#### [Required work]
Using the data that follows, return exactly the lines from the one that contains "Un ensemble de" through the one that contains "Beef jerky pieces", ends included.

#### [Data extracts]
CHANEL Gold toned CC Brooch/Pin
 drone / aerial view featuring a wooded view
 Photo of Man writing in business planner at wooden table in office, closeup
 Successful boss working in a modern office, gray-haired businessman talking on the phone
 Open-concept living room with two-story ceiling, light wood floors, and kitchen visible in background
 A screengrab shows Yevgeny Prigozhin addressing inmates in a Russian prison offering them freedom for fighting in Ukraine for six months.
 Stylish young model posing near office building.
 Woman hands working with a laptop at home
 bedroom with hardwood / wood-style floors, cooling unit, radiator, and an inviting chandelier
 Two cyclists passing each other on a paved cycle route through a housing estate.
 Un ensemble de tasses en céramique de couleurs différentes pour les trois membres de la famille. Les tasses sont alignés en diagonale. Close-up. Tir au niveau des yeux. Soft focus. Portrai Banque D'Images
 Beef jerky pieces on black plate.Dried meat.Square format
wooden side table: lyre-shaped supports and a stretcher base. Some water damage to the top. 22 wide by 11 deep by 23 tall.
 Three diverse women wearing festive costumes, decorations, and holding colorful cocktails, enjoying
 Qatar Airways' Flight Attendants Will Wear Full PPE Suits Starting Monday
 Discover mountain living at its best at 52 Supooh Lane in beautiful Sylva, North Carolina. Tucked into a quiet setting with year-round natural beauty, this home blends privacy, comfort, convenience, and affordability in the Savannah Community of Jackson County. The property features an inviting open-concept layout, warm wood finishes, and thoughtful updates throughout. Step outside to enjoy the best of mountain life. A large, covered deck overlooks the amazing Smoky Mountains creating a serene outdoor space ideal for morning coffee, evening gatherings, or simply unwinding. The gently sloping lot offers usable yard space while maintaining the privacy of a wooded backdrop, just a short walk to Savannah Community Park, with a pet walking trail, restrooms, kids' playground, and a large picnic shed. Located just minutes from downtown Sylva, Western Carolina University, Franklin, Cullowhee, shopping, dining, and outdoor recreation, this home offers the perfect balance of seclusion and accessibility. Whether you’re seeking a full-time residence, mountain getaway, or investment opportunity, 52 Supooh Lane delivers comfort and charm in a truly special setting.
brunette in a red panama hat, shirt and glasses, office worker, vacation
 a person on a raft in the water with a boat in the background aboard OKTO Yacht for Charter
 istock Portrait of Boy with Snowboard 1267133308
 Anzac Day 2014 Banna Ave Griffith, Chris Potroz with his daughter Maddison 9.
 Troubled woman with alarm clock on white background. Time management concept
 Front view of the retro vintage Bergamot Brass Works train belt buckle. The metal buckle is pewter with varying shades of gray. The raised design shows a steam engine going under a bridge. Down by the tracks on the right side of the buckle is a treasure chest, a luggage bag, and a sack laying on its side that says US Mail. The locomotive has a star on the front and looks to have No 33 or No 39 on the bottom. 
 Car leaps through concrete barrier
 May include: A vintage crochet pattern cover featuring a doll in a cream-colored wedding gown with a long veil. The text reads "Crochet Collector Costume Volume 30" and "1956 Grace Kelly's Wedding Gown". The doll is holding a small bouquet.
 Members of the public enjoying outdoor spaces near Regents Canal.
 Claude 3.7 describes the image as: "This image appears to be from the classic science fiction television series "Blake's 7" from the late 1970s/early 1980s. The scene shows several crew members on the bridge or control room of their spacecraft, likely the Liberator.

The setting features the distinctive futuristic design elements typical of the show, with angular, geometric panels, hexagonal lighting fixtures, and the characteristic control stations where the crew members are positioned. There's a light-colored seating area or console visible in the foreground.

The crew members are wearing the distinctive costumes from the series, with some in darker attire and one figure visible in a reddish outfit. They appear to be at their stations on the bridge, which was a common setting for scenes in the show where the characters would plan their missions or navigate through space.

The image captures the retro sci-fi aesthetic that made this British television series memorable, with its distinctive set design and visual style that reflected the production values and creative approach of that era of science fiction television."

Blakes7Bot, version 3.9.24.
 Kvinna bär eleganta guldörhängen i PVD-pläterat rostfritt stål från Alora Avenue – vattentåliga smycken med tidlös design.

#### [Result]
 Un ensemble de tasses en céramique de couleurs différentes pour les trois membres de la famille. Les tasses sont alignés en diagonale. Close-up. Tir au niveau des yeux. Soft focus. Portrai Banque D'Images
 Beef jerky pieces on black plate.Dried meat.Square format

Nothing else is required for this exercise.